◆ **TASK OBJECTIVE**
Where does the string "Womens" occur in the records? Copy each line that holds it.

◆ **MATERIAL FOR THIS TASK**
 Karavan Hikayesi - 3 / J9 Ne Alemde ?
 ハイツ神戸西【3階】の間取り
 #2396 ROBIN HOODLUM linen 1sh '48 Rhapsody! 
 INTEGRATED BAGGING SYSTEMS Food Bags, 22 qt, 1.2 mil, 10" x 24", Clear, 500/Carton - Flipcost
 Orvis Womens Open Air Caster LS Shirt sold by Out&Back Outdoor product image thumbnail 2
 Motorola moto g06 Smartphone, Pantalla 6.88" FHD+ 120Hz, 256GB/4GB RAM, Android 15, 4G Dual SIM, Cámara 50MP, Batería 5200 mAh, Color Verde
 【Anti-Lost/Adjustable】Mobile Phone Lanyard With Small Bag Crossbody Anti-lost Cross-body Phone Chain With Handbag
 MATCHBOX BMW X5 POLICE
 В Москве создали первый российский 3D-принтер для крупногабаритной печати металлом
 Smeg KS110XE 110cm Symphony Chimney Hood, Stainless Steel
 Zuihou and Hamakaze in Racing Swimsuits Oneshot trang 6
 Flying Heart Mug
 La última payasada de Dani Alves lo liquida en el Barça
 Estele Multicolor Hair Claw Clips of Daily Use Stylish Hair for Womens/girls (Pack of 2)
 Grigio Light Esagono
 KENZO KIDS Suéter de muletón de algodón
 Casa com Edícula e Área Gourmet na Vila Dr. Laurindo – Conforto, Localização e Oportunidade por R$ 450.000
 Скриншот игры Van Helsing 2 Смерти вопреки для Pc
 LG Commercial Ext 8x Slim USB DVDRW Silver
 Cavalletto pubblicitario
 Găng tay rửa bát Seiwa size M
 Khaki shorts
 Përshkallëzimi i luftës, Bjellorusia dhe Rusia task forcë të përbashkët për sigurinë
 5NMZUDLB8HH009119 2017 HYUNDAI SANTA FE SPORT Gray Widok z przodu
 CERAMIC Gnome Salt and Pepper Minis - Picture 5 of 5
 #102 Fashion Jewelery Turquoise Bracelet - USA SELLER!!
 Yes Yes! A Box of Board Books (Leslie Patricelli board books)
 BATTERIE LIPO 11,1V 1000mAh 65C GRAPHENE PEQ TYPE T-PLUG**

◆ **RESULT BELOW**
 Orvis Womens Open Air Caster LS Shirt sold by Out&Back Outdoor product image thumbnail 2
 Estele Multicolor Hair Claw Clips of Daily Use Stylish Hair for Womens/girls (Pack of 2)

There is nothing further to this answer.